In protected percolation, bonds are removed one at a time only from the percolating cluster. Isolated clusters are no longer modified. Scaling relations: $\beta' = \beta/(1+\beta)$, $\gamma' = \gamma/(1+\beta)$, $\nu' = \nu/(1+\beta)$, $\tau' = \tau$ where the primed quantities indicated protected percolation

| $d$ | $1$ | $2$ | $3$ | $4$ | $5$ | $6-\varepsilon$ | $6+$ |
|---|---|---|---|---|---|---|---|
| $\beta'$ |  | 5/41 | 0.288 71(15) |  |  |  |  |
| $\gamma'$ |  | 86/41 | 1.3066(19) |  |  |  |  |
| $\tau'$ |  | 187/91 | 2.1659(21) |  |  |  |  |

== Exponents for directed percolation ==

Directed percolation (DP) refers to percolation in which the fluid can flow only in one direction along bonds—such as only in the downward direction on a square lattice rotated by 45 degrees. This system is referred to as "1 + 1 dimensional DP" where the two dimensions are thought of as space and time.

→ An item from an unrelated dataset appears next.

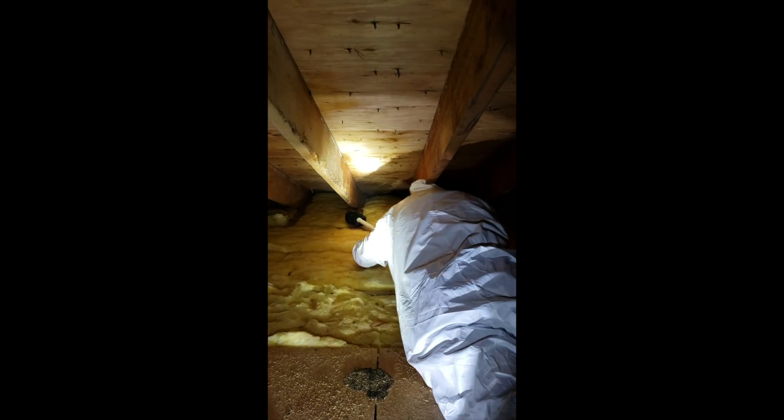Now that we've applied MAPS-1 and MAPS-2, the attic fan has been installed, and we've used our mold stain remover — mold is no longer a threat.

$\nu_\perp$ and $\nu_\parallel$ are the transverse (perpendicular) and longitudinal (parallel) correlation length exponents, respectively. Also $\zeta = 1/z = \nu_\perp / \nu_\parallel$. It satisfies the hyperscaling relation $d/z = \eta + 2 \delta$.

Another convention has been used for the exponent $z$, which here we call $z'$, is defined through the relation $\langle R^2 \rangle \sim t^{z'}$, so that $z'= \nu_\parallel/\nu_\perp = 2/z$. It satisfies the hyperscaling relation $d z' = 2 \eta + 4 \delta$.

$\delta$ is the exponent corresponding to the behavior of the survival probability as a function of time: $P(t) \sim t^{-\delta}$.

$\eta$ (sometimes called $\mu$) is the exponent corresponding to the behavior of the average number of visited sites at time $t$ (averaged over all samples including ones that have stopped spreading): $N(t) \sim t^{-\eta}$.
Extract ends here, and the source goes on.